Records to use Block Start

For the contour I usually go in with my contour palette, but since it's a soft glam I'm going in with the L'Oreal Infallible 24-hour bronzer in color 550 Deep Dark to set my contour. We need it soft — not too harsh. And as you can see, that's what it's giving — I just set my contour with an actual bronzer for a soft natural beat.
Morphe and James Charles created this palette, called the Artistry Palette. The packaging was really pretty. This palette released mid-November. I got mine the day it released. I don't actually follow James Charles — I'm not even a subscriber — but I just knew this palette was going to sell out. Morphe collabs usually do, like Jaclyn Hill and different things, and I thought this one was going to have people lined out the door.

Records to use Block End
Records to use Block Start

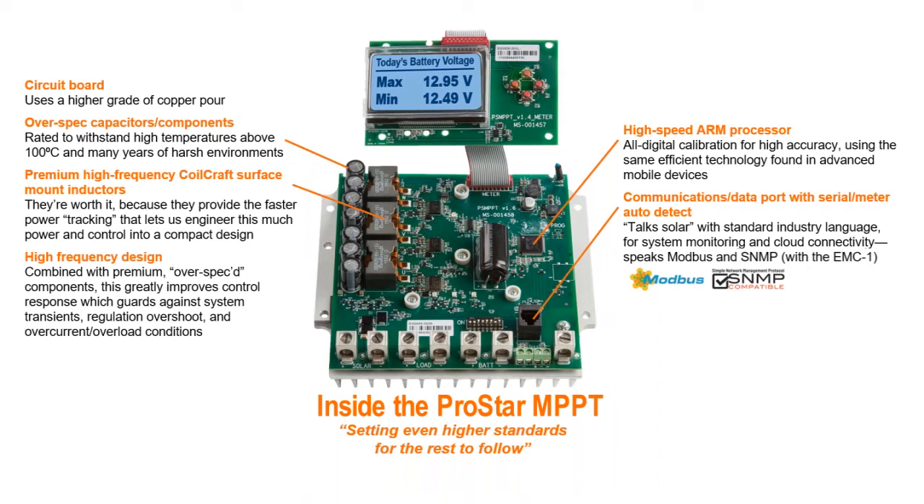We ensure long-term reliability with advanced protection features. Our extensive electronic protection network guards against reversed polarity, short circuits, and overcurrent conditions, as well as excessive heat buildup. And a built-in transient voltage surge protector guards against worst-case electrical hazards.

Records to use Block End

## [Required action]
Looking at the data above, write out exactly the lines that start at the one containing "For the contour" and end at the one containing "Morphe and James"; include both and nothing beyond.

## [Written solution]
For the contour I usually go in with my contour palette, but since it's a soft glam I'm going in with the L'Oreal Infallible 24-hour bronzer in color 550 Deep Dark to set my contour. We need it soft — not too harsh. And as you can see, that's what it's giving — I just set my contour with an actual bronzer for a soft natural beat.
Morphe and James Charles created this palette, called the Artistry Palette. The packaging was really pretty. This palette released mid-November. I got mine the day it released. I don't actually follow James Charles — I'm not even a subscriber — but I just knew this palette was going to sell out. Morphe collabs usually do, like Jaclyn Hill and different things, and I thought this one was going to have people lined out the door.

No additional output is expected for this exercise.